Но такъ какъ и съ природою дѣла сообразно, и изъ предшествующаго изслѣдованія естественно вытекаетъ, что ни невѣжды, незнающіе истины, ни тѣ, которые занимаются только созерцаніемъ вещей выспреннихъ и божественныхъ, не годятся быть правителями и начальниками обществъ; то людей, по добротѣ души, вознесшихся къ познанію высочайшаго блага, должны мы убѣждать и побуждать, чтобы, оставивъ высшую область вещей божественныхъ, они снова спустились въ дольнюю страну человѣческую. Хотя это представляется и несправедливымъ, — потому что такимъ образомъ мы отнимаемъ у нихъ плодъ высочайшаго блаженства, пріобрѣтенный ими чрезъ размышленіе о предметахъ выспреннихъ; но законодатель долженъ заботиться не о томъ, чтобы благоденствовало которое-нибудь одно сословіе гражданъ, а о томъ, чтобы возрастало и укрѣплялось благоденствіе всего общества. Поэтому мы имѣемъ право убѣждать философовъ, чтобы они не нерадѣли о дѣлѣ общественномъ, тѣмъ болѣе, что обязаны обществу своимъ воспитаніемъ, о которомъ заботилось оно съ нѣжностію матери. Притомъ, такъ какъ они знаютъ самую сущность красоты, справедливости и доброты, то лучше всего могутъ судить, что̀ въ дѣлахъ человѣческихъ по-истинѣ справедливо и честно, и потому будутъ доставлять обществу безопасность и спокойствіе. Да они, какъ люди мудрые и правдивые, конечно, и не отвергнутъ такого прошенія, но управленіе обществомъ примутъ на себя какъ бремя, помня, что надобно жить не для себя только, но и для отечества. P. 519 B — 521 B.

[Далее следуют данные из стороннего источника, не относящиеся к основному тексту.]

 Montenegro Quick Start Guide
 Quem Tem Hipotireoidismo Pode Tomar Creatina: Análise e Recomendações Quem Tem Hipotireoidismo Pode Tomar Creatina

Послѣ сего спрашивается: въ какихъ наукахъ и искуствахъ души стражей должны быть столь свѣдущи, чтобы могли вознестись къ понятію о высочайшемъ благѣ? Разсматривая этотъ вопросъ, надобно имѣть въ виду то, что сказано было въ предъидущемъ разсужденіи, что, то-есть, для сохраненія безопасности домашней и общественной, стражи должны быть мужественны. Итакъ, надобно изслѣдовать ту сторону науки, которою она приготовила бы душу и для высокой области философіи, и для воинскаго поприща. Этой пользы не можетъ доставить ни гимнастика, заботящаяся только о тѣлѣ, ни музыка, занимающаяся только внушеніемъ благопристойности и честности, но ничего неприносящая для тонкости знанія. Еще менѣе способствуютъ къ этому работы сидячія; потому что онѣ требуютъ только ревности и труда рукъ. Поэтому остается искать искуство, отличное отъ всѣхъ сказанныхъ. Такое искуство есть ариѳметика, безъ которой не можетъ обойтись ни наука воинская, ни какая-нибудь иная часть знанія и образованія. Да она и не такъ мало имѣетъ вліянія на развитіе души, чтобы не могла возносить ее къ созерцанію вещей божественныхъ, хотя такою ея силою въ обыкновенномъ быту удивительно какъ пренебрегаютъ. Если вещи чувствопостигаемыя таковы, что либо чувствуются сами по себѣ и, однажды почувствованныя, не возбуждаютъ ума къ высшему изслѣдованію истины, либо производятъ въ насъ различныя ощущенія и разнообразіемъ ихъ вызываютъ умъ къ сужденію, а душу къ дѣятельности; то ариѳметика должна быть относима ко второму роду вещей; потому что имѣетъ дѣло съ многоразличнымъ соединеніемъ чиселъ. Особенность каждаго числа состоитъ въ томъ, что оно заключаетъ въ себѣ нѣчто противное: въ немъ съ одной стороны мыслится одно, съ другой множество. Посему эту часть науки стражи наши обязаны изучать со всею тщательностію, тѣмъ болѣе, что она весьма приложима къ нуждамъ войны. Однакожъ они не должны останавливаться на той ариѳметикѣ народной, которая имѣетъ въ виду только матеріальную выгоду, но въ силѣ и природѣ чиселъ пусть идутъ далѣе и размышляютъ о числахъ такъ называемыхъ отвлеченныхъ и идеальныхъ; ибо такимъ образомъ нетолько сдѣлаются сообразительными во всѣхъ другихъ дѣлахъ, но еще пріучатся возносить душу къ созерцанію истинной ея природы, P. 521 C — 526 C.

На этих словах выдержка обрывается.